A few snow flurries have shut down the federal government, but they won't shut down the Lawfare news roundup---though it's a light news day anyway.
The Bureau of Investigative Journalism released a study that shows that there were between zero and four civilian casualties from U.S. drones in Pakistan last year---a dramatically lower number than years past. Reuters has the story.
Ellen Nakashima and Greg Miller of the Post discuss the many complications in the proposals President Obama outlined in his speech.
Need a break from Snowden-prompted debates? Over in Ukraine, government surveillance of citizens' technology takes a truly creepy turn, as reported by Andrew Kramer in the New York Times: anti-government protesters there are receiving text messages that read "Dear subscriber, you are registered as a participant in a mass disturbance." Apparently, you don't have to click through a "terms of service" agreement to register for a mass disturbance?

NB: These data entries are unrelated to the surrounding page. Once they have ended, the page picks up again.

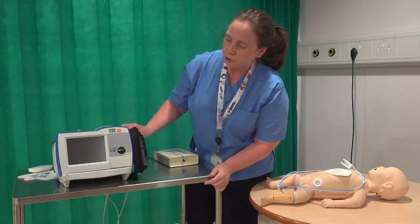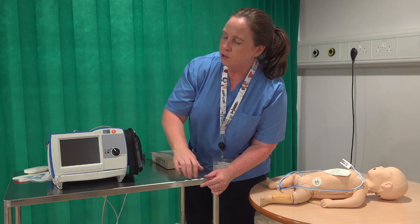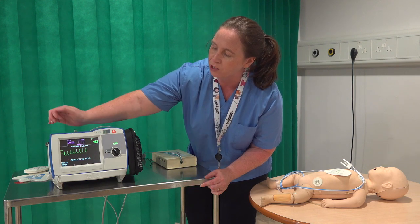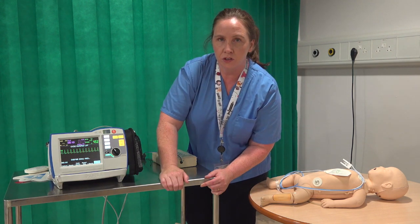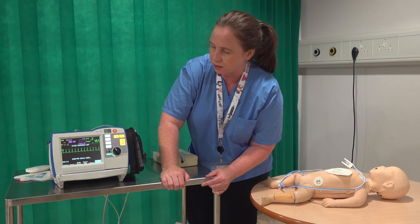Once you've got your pads attached to your neonate, you're going to turn your machine on. The machine defaults automatically to AED mode, so what you need to do quickly is hit the manual mode button on the left hand side, hit the soft key, and that activates the manual functions. We're going to be using it in manual mode for neonates and paediatrics.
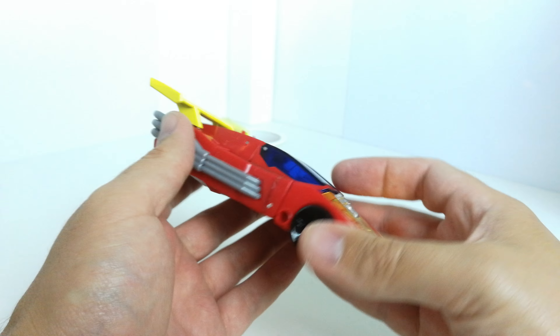You can open this up and there are a couple of little stickers in there as well — little readout ones. And obviously you can get your little Titan Master in here and pop them in if you like.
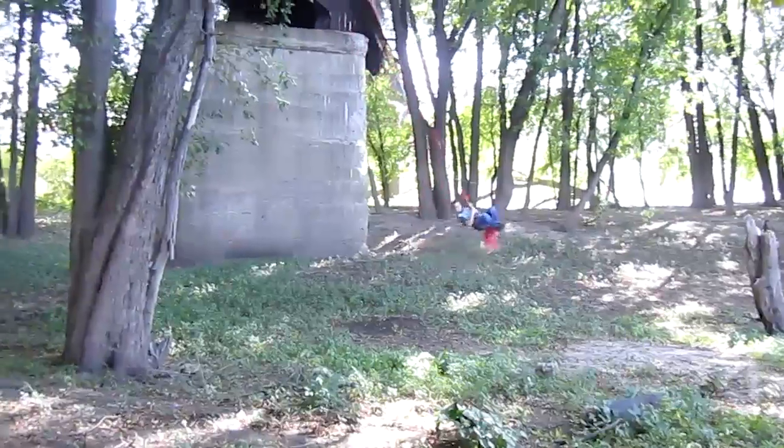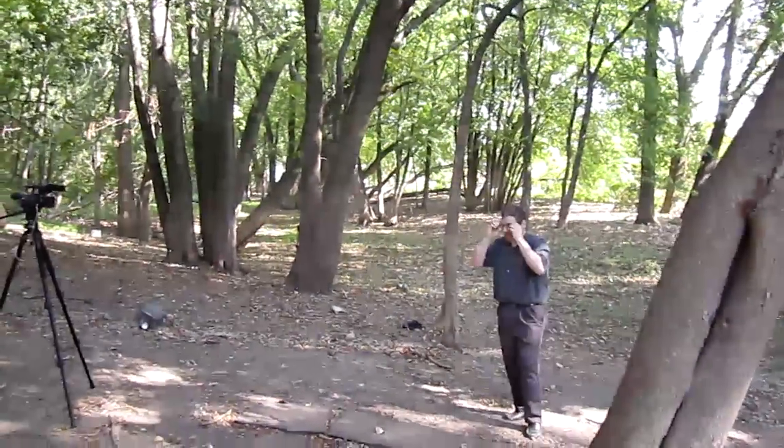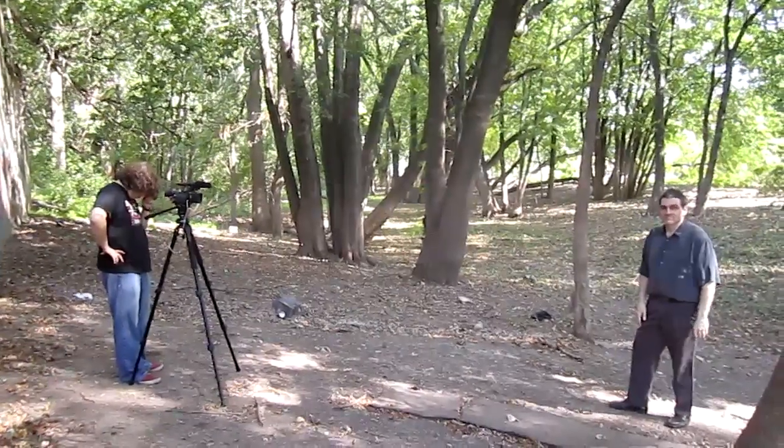Hey there guys, welcome to today's adventure with Duck. We're out here under the bridge hanging out, doing a thing on pendulums. Billy is checking out the pendulum getting that going, and Mr. Kidwell and Cory are over there getting ready to shoot the opening sequence.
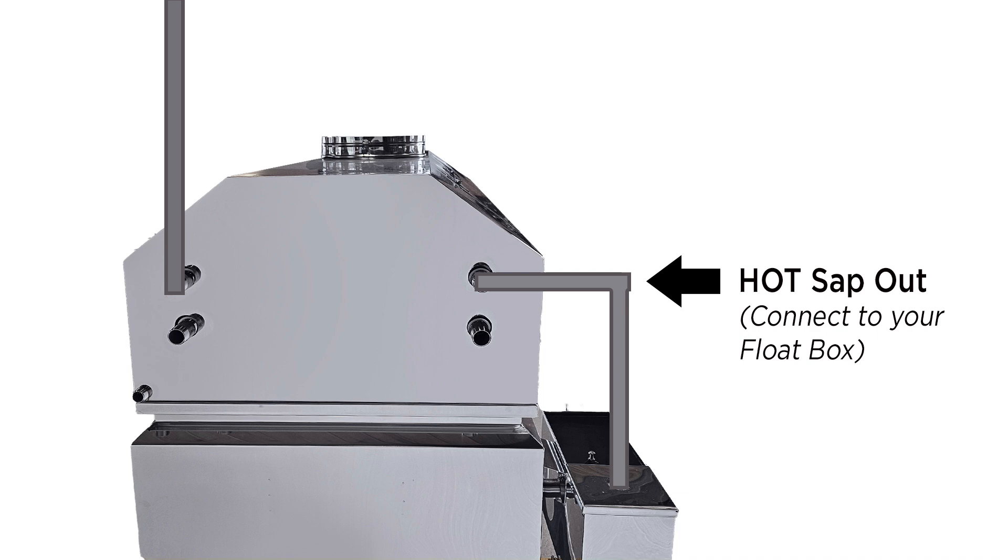Above that is the most exciting part — this is where the hot SAP exits the pre-heater. You'll plumb this port to your inlet float box.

The U.S. has offered to deploy a special envoy to help secure the return of jailed U.S. missionary Kenneth Bae from a North Korean jail. Here's Reuters with more.
Russian security officials are looking for a 22-year old female terrorism suspect named Ruzanna "Salima" Ibragimova in Sochi, the site of the 2014 Olympics. And the U.S. is prepping contingency plans, which include putting two warships in the Black Sea, writes The Hill.
In Beirut, a suicide bomber killed four people in a Shiite-dominated neighborhood, reports the Times.
Jennifer Medina writes in the Times about the challenge facing the new President of the University of California system, Janet Napolitano: the clash of priorities between UC's undocumented students---immigration reform---and her last gig, during which the government deported a record number of undocumented aliens.
Today's Washington Post editorial focuses on the need for cybersecurity legislation. I guess since Congress finally passed a budget, it's time to start complaining about all the other things to which it's not paying attention.